In the days after Trump’s election, incoming national security adviser Michael Flynn immediately tried to increase cooperation between the U.S. and Russia in the region, with the stated goal of fighting terrorism.

“You know that the strategic goal is stability in the Middle East,” he told then-Russian Ambassador Sergey Kislyak in a conversation about a U.N. Security Council vote on Israeli settlements. “That’s the strategic goal. And, and, you know, between you and I, and you know this, and we know this, you know between Moscow and Washington. We will not achieve stability in the Middle East without working with each other against this radical Islamist crowd. Period.”

Flynn was ousted from the Trump administration in its early days, but his vision of closer cooperation between the U.S. and Russia lived on.

Initially shocked, Pentagon and intelligence officials quickly grew to resent requests for closer cooperation with the Kremlin and to question White House motives, the people said. After an election that the intelligence community determined had seen unprecedented campaign meddling by Russia, officials were especially wary of the new administration and its friendly stance toward Moscow.

“I don’t think the [intelligence community] trusts the White House at all,” said one former Trump administration official. “Not with information, and not to make the right decisions.”

Syria is one place where the Pentagon and White House officials have repeatedly clashed.

Senior defense officials twice pushed back on Trump’s efforts to withdraw U.S. forces from northeast Syria, once in late 2018 — prompting the resignation of then-Secretary of Defense James Mattis — and again in October, 2019, enabling a deadly Turkish invasion of Kurdish-held territory and prompting harsh criticism of the administration for abandoning the Kurds. Both times, the national security community eventually succeeded in convincing the White House to maintain a small force there.

Now that Assad has mostly won the war in the rest of the country, he has turned his attention to Kurdish-controlled areas in the eastern part of the country, where several hundred U.S. troops and their Kurdish partners are still fighting ISIS and guarding the region’s rich oil fields.

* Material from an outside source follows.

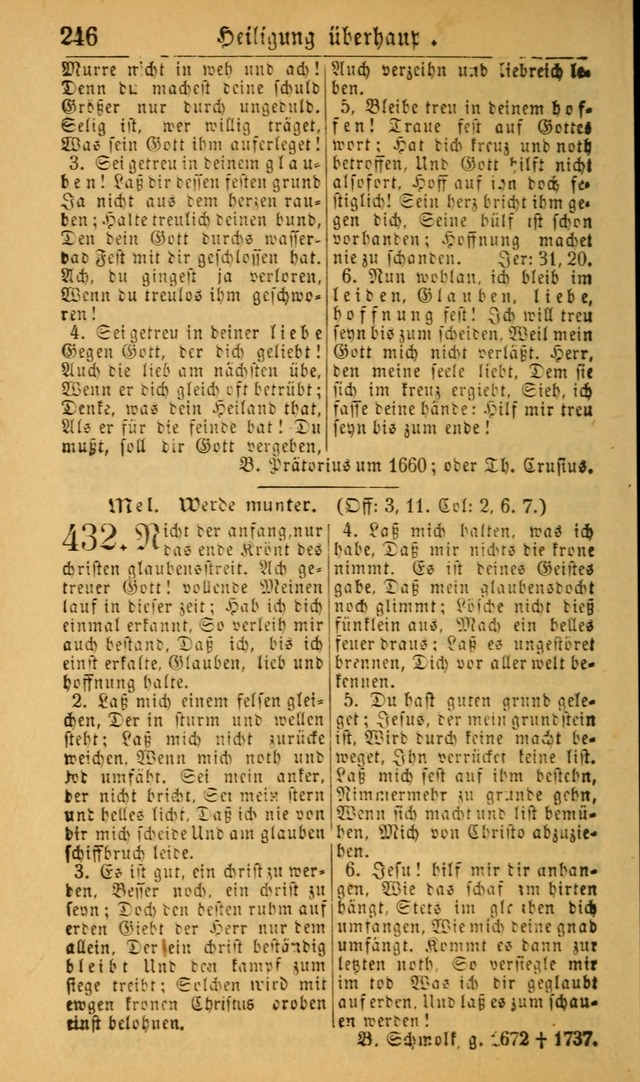 Deutsches Gesangbuch für die Evangelisch-Luterische Kirche in den Vereinigten Staaten: herausgegeben mit kirchlicher Genehmigung (22nd aufl.) page 248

The tactic has led to some of the emerging conflicts between American and Russian troops.

Back in Washington, Trump has mostly lashed out at the media over the recent reports about Russia’s behavior.

Some national security veterans say it reflects Trump’s long-standing rhetorical approach to Moscow. Since the beginning of his presidency, the commander in chief has repeatedly second-guessed and denigrated the intelligence agencies on issues related to Russia, including its meddling in U.S. elections.

Trump has also sometimes responded negatively to information in his daily intelligence briefings that presented Russia in a bad light, according to a former White House official. Over the course of 2017, briefers would choose not to highlight negative material about Russia when verbally briefing the president, the official said. That included intelligence about Russian activity in Syria that was detrimental to American troops or interests.

“I don’t remember a thing that involved Russia that people were comfortable discussing with the president,” the former official said. “Even at the most senior level, at the Cabinet level, it would be like drawing sticks to see who would have to raise a Russia issue with him.”

Natasha Bertrand contributed reporting.